With Memorial Day just days away, the memorial for the fallen of the army's Sayeret Egoz unit has been vandalized.
The site, located in the foothills of Mount Hermon, contains 57 separate memorials. The one for Lt. Dubi Adar, killed in a fight with terrorists at Al Khiam in southern Lebanon, was vandalized, as was the memorial for former Chief of Staff Mordechai Gur, who played a role in setting up the elite unit.
The vandals also destroyed a stage set up at the memorial site, where events for visitors were held.
"We must restore the site by Monday," said Yossi Amit, who belongs to an organization of Egoz veterans. "We cannot have families of the fallen come and see the site destroyed."
Moreover, a ceremony is scheduled to take place at the site in the coming days for soldiers who have completed their training to join the unit.
Members of the organization are now collecting money to restore the memorial. "I put in money from my own pocket, and I am begging for donations in order to complete the restoration mission," Amit said.
Rami Halfon, from nearby Neveh Atib, is the one who discovered the vandalism. "Again and again, our memorial has been vandalized," he said.
Amit added that "the site has suffered destructive attacks for many years.
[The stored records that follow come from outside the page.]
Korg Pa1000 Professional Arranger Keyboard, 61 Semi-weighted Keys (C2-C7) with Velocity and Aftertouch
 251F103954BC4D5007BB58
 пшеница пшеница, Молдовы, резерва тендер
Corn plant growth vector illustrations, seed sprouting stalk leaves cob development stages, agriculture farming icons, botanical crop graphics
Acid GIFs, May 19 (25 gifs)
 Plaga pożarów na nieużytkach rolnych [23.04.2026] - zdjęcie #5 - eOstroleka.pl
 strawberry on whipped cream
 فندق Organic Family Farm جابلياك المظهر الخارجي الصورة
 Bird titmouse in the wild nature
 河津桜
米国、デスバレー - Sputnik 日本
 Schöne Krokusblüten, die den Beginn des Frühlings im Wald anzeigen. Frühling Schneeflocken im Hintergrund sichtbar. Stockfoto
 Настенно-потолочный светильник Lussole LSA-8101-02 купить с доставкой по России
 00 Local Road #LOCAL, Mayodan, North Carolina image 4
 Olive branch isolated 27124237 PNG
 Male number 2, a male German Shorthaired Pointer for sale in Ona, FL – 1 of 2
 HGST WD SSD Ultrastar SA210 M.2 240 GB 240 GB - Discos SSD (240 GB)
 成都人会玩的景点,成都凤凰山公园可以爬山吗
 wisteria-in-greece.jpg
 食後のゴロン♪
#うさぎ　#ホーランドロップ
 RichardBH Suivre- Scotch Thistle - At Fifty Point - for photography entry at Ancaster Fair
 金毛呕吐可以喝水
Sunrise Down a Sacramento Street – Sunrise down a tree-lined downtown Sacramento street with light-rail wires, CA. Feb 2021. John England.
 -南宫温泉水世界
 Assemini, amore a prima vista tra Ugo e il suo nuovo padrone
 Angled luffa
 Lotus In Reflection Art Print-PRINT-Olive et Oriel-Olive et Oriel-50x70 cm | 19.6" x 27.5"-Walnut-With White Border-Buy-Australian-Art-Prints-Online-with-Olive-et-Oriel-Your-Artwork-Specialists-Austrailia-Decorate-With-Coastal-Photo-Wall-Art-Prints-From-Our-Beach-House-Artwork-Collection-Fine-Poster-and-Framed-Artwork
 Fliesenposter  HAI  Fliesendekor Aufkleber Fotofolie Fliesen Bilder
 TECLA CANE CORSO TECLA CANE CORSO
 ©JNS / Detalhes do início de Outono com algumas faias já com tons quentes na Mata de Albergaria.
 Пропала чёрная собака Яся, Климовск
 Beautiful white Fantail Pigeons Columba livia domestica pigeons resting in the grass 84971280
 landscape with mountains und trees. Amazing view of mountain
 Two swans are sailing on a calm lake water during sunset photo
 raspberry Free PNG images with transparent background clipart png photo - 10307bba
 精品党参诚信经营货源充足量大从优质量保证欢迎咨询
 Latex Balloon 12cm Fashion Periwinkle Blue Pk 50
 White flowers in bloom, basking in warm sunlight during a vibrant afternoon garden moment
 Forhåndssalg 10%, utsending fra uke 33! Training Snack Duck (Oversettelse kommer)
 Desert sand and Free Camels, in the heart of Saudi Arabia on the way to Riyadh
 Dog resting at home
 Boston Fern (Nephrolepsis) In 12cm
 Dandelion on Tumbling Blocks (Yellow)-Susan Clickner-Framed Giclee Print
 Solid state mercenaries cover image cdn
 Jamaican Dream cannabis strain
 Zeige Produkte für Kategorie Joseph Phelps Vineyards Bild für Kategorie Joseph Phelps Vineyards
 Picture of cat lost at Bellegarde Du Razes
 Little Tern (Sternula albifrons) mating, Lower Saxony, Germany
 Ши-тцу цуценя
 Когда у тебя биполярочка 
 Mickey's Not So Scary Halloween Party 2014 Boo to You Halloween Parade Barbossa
To us, it is clear beyond the shadow of a doubt that the offenders are from the Druze villages in the Golan [Heights]. But perhaps the police are hesitant to confront them."
He said he once sent a letter, written in Arabic, to the head of the Druze local council in the Golan to ask that he work to put an end to the destruction.
"For many years," the letter said, "a handful of Druze residents of your communities has been vandalizing the memorials and commemoration sites we erected at this site - razing them, smashing the plaques at the meeting places for our friends, stealing the metal emblems attached to the rocks - and all with malice aforethought. Moreover, cow and sheep herders bring their flocks into the area and soil it, despite our repeated requests to cease staining our honor and the honor of those dear to us, for whom we set up the site."
Now, Amit said, "veterans of the unit intend to set up nighttime ambushes near the site. If they want to fight us, we know that language."
"We may be old," he added, "but we still remember how to do a few things."
Egoz was set up in 1956 with the mission of preventing Syrian cross-border operations. It was broken up several months later, but then reestablished in 1968. In the early 1970s, the unit was deployed against terrorist groups north of the border, but following the 1973 Yom Kippur War, it was once more broken up. In 1995, the unit was set up for a third time as part of the Golani Brigade and has developed expertise in small-unit operations on the northern front.